Leah and her parents have moved from the city to the small town of Mattingly to reunite as a family. Tom and Ellen even invite the whole town to Leah's birthday party, in an attempt to connect to the people of this outsider-averse community. Things start out well, with Leah befriending a town girl named Allie, who looks past Leah's stutter and sticks with her, even as Leah's life begins to get stranger and stranger. First, there's the Rainbow Man, who sings only to Leah and tells her things that nobody else should know. Then there are the paintings - the first of which brings great blessings upon the town's forgotten. But is this Rainbow Man real? Is he good? And are these paintings and prophecies of Leah's meant to help the town, or break it apart?
When Mockingbird Sings reminded me a lot of a book I read years ago, Keeping Faith, by Jodi Picoult. A small girl who seemingly is tuned in to a powerful force, with the public divided over whether it's good, evil, or even real. I won't do a comparison of the books here, but Picoult's book was in my head for most of the reading of this one.
I wasn't sure how to feel about this book; while I admired Leah's commitment to her journey, the story itself was so dark. Leah's life was not easy; the Rainbow Man did not make things sunshine and roses. Leah was outcast, doubted, and mocked. At one point, almost the entire town teams up on her. Yet, she stands her ground; she believes in the Rainbow Man, and she believes she needs to do what he says and deliver his message to the people of Mattingly, no matter the cost to herself or her family, or her very best friend. Additionally, there are multiple mentions of other "magic" that has happened in this town, hints that Leah is not the first person to experience strange things here, yet the stories of the past are never explained, even though one character promises to tell Leah's Father Tom the whole thing. While Mr. Coffey has other books available that reference "a small Virginia town," there is no indication of these books being a cohesive series, and no reference to the order they're meant to be read in, if they're even connected. This left me feeling like I'd missed a big part of the story, and it made it much harder for me to connect to the townsfolk.
Even with my frustration about the plot holes, I was drawn into Leah's world, and anxious to see how things turned out. I wanted to know whether the Rainbow Man was on the side of good or evil, and I wanted to know what the prophecies meant for the town.
I give this book 3 stars.
I received a copy of this book from Thomas Nelson, as part of their Booksneeze program, in exchange for my honest review.
"When Mockingbirds Sing" by Billy Coffey is a fantasy novel about a stuttering, shy girl, Leah and her strange parents who move to a small town that seems keep its population the same always with few new comers. Leah's parents have a huge birthday party for her and the Rainbow man comes to befriend Leah and give her knowledge. This whole book is kinda weird. It has great reviews and I am not sure why. The whole thing seems like the author's a weak attempt to be deep. There is little introduction so the reader spends the first part of the novel wondering what's going on. With the exception of Allie, none of the characters are particuarly likable.
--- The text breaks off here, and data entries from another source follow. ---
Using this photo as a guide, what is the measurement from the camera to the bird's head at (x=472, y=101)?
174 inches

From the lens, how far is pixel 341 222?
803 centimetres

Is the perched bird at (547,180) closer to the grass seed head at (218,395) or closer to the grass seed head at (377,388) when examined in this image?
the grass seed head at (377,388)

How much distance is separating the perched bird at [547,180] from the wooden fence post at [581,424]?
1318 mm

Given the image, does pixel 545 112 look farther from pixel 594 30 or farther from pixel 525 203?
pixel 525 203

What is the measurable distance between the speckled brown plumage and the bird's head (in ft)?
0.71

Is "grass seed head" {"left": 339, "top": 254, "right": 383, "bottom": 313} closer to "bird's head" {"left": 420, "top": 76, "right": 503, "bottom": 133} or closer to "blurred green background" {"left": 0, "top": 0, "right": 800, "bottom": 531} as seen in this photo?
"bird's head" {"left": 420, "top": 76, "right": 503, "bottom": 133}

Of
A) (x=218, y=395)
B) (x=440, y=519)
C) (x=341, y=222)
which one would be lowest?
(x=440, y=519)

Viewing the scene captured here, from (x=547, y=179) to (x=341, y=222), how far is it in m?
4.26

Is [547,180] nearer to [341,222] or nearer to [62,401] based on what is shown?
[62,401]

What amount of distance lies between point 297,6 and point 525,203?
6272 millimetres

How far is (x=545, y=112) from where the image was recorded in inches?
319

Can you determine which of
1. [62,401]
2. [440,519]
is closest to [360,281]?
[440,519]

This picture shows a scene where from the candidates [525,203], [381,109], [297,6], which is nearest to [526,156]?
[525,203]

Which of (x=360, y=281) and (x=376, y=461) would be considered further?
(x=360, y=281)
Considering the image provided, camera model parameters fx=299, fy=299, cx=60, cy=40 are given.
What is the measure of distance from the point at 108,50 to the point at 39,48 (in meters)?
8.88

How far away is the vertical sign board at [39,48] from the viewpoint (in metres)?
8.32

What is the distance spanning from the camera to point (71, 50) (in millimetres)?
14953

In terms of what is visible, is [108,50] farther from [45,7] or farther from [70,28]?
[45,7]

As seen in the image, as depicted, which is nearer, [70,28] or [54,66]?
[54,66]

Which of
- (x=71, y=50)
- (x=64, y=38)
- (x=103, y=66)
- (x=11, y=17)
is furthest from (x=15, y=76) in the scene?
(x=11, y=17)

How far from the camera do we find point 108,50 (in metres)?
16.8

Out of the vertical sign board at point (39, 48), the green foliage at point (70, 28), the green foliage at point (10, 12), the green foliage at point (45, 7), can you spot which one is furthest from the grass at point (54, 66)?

I didn't like this one, however, many people do. Give it a shot. I received this book for free from www.booksneeze.com.
Billy Coffey has written a masterful tale, a novel that pulled me in from the first scene and caught me up into the deep emotion and hurt and pain and wonder of the world Billy has created. There were moments that I laughed and moments that I hurt along with the characters. And there were moments near the end that I nearly forgot to breathe as I lived through the story. The writing is superb, with words that flow ever so smoothly, vivid descriptions, and characters I could not help but adore. The supernatural element in the story adds an utterly unique flavour that I thoroughly enjoyed. "When Mockingbirds Sing" is one of those novels that causes the world around you to fall silent as you are drawn into the story, one that seems achingly real and magical at the same time. It is a book that I will need to ponder for some time as I sort through the messages contained within its pages, messages about grace and about faith and the power of belief. I am left with fresh wonder at how God can choose to work and breathe upon our lives, how His plan can upend our understanding of how things work and reveal that His ways are even better than what we could ask for or imagine.
This is the first novel that I've read by Billy Coffey, and I have been so moved by the grace and beauty of his words that I can promise I will be reading the next book he has to offer as well. I highly recommend this read and award it 5 out of 5 stars.
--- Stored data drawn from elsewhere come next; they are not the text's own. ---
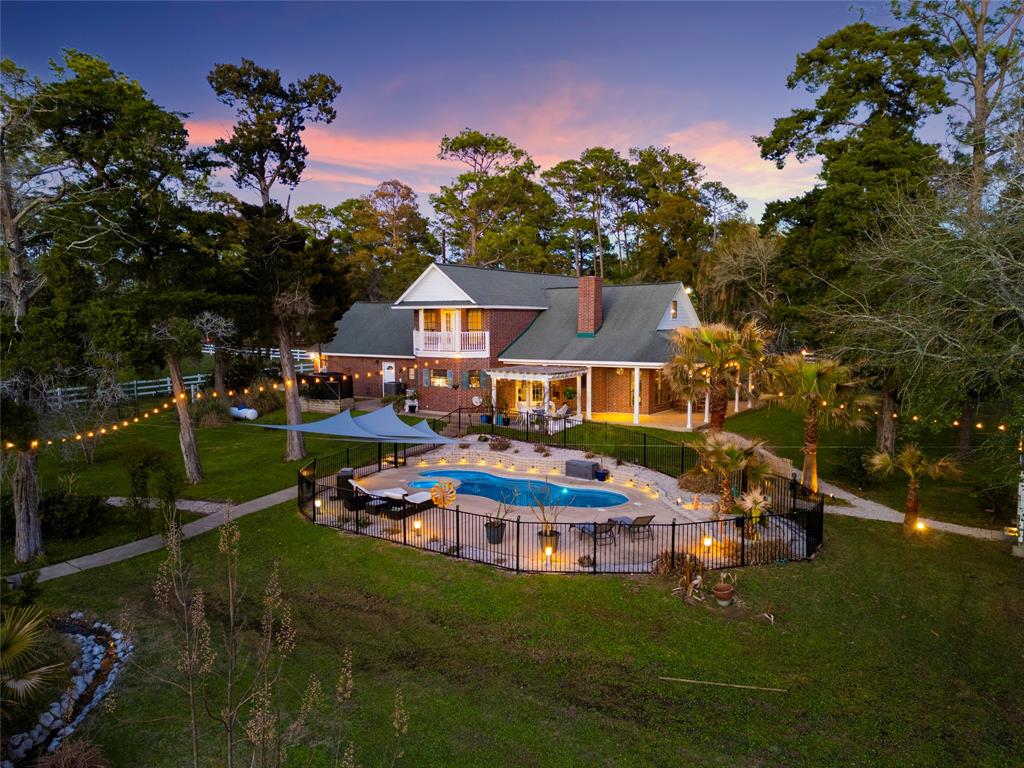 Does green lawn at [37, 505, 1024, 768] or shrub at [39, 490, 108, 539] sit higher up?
shrub at [39, 490, 108, 539]

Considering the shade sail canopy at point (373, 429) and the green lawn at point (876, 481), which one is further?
the shade sail canopy at point (373, 429)

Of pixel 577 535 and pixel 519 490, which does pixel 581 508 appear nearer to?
A: pixel 577 535

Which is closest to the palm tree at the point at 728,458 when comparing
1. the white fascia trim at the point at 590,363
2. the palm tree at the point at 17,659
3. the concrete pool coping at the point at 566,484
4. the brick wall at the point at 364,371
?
the concrete pool coping at the point at 566,484

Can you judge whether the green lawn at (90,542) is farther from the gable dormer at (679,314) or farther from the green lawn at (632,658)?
the gable dormer at (679,314)

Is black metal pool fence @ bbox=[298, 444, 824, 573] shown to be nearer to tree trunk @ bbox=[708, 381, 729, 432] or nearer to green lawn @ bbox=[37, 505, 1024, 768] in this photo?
green lawn @ bbox=[37, 505, 1024, 768]

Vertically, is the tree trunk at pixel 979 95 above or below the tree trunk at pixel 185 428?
above

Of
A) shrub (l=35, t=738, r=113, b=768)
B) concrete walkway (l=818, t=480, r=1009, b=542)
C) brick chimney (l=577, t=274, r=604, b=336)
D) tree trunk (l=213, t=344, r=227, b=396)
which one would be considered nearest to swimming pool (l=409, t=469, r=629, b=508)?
concrete walkway (l=818, t=480, r=1009, b=542)

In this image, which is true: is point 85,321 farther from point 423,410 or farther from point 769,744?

A review copy was received from the publisher in exchange for an honest review. I was in no way compensated for this review.
It is hard to describe this novel. It is part parable, part fantasy, yet all drama.
Tom, a psychologist in the city, moves his family to a small town in the country. His daughter, Leah, is very shy and stutters and is alienated from others her age. She has an imaginary acquaintance, the Rainbow Man. He sings and reveals to her pictures she is to paint and people she is to see. When her first painting contains winning lottery numbers, the town adores her. But then succeeding paintings are not so uplifting and the town turns on her and her parents.
This novel has much in it to think about and discuss. There are the characters, like Reggie, the pastor who has devoted his life to his faith and ministry. He is angry that one would even think God might speak through an agnostic little girl. There is Barney who testifies God loves him when he wins the lottery but when his wife dies a few days later, testifies that God is cruel. There is Tom, Leah's father. He is a troubled man, unable to cure his own ills even as he helps others.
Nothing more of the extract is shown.